I recently hosted an Executive Breakfast Seminar on Open Data in Ottawa, Canada and was pleasantly surprised by the greater than expected turnout by senior government personnel wanting to learn more about the risk, challenges, opportunities and benefits of Canada’s Open Government Action Plan. (see data.gc.ca)
Like many other jurisdictions, including 30 countries, and hundreds of municipal and state/provincial level government organizations, Canada followed the lead of the United States, who launched its’ open data portal in 2009. (see data.gov) Starting with the release of just a few hundred datasets, the Open Data movement in government entities around the world has led to the release of literally million’s of data sets on all topics ranging from socio-economic data and geo-spatial datasets to extensive details on government operations.
The Canadian approach to Open Government relies on 3 pillars. Open Data, Open Information, and Open Dialog. Open Data is about offering government data in a more useful format to enable citizens, the private sector and non-government organizations to leverage it in innovative and value-added ways. Open Information is about proactively releasing information, including on government activities, to Canadians on an ongoing basis. By proactively making government information available it will be easier to find and more accessible for Canadians. Open Dialogue, which is about giving Canadians a stronger say in government policies and priorities, and expanding engagement through Web 2.0 technologies. (my next blog will talk about why Canada differentiates between Open Information and Open Data)
For many in the room, the session was a sobering sort of wake-up call, as I pointed out to participants the obvious risks associated with releasing open data sets such as the liabilities and potential embarrassment associated with releasing erroneous data, to the not-so apparent risks such as foreign intelligence organizations combining disparate data sets in such a way as to expose national security vulnerabilities. (the example I used was a case where a vulnerability was exposed by comparing weather data with emergency response statistics and geo-spatial data – resulting in the ability to predict the impact of threatening weather on the security apparatus) In addition to the direct risks from the data itself, we also discussed the potential political risks of government-wide releases of certain datasets, that because they lack a common architecture and meta-data standards.
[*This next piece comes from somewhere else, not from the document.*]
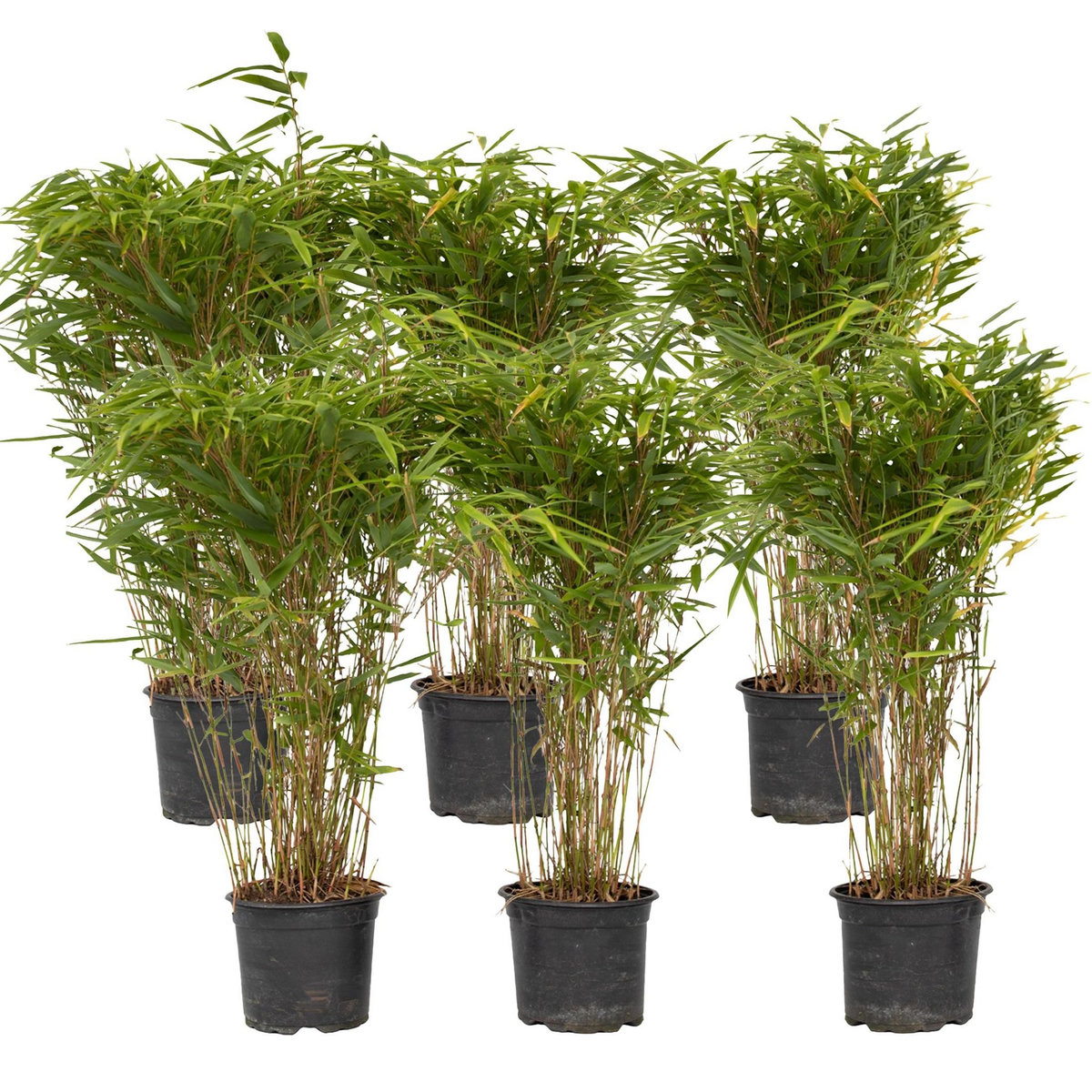 PLANT IN A BOX Bambou non-traçant - Set de 6 - Fargesia nitida 'Gansu' - H50-70cm - ⌀17cm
Exposing these practices (or lack thereof) could create additional workload and embarrassment for the stewards responsible for those datasets, and more significantly for the political apparatus behind it.
While there was much discussion around the downsides, there was also widespread acknowledgement of the benefits and opportunities, the most significant of which was enabling the constituent citizens and industry to generate economic advantage and innovation by leveraging the rich datasets now freely accessible.
For data management practitioners – the Open Data imperative provides the perfect business case, and timing to introduce enhanced data management practices in government sector organizations. Data Management professionals need to be front and centre in these initiatives, putting in place to practices to ensure that Open Data sets are consistently architected, described and delivered with a defensible and competent approach to ensuring their quality. Data stewards need to be clearly identifiable as they will become the focal point for departments and agencies being faced with questions and challenges about their data. Finally, as always, none of these things are going to happen without an effective governance mechanism to ensure that these practices are being properly employed.
To us as data management professionals, we have always understood the compelling value proposition of improved data management practices for all organizations, however the lack of customer focus, and a profit imperative has made it difficult to convince government decision-makers to direct more investment in this area. The Open Data imperative breathes considerable new life into the strength of imperative; the time has come for us to “Carpe diem”.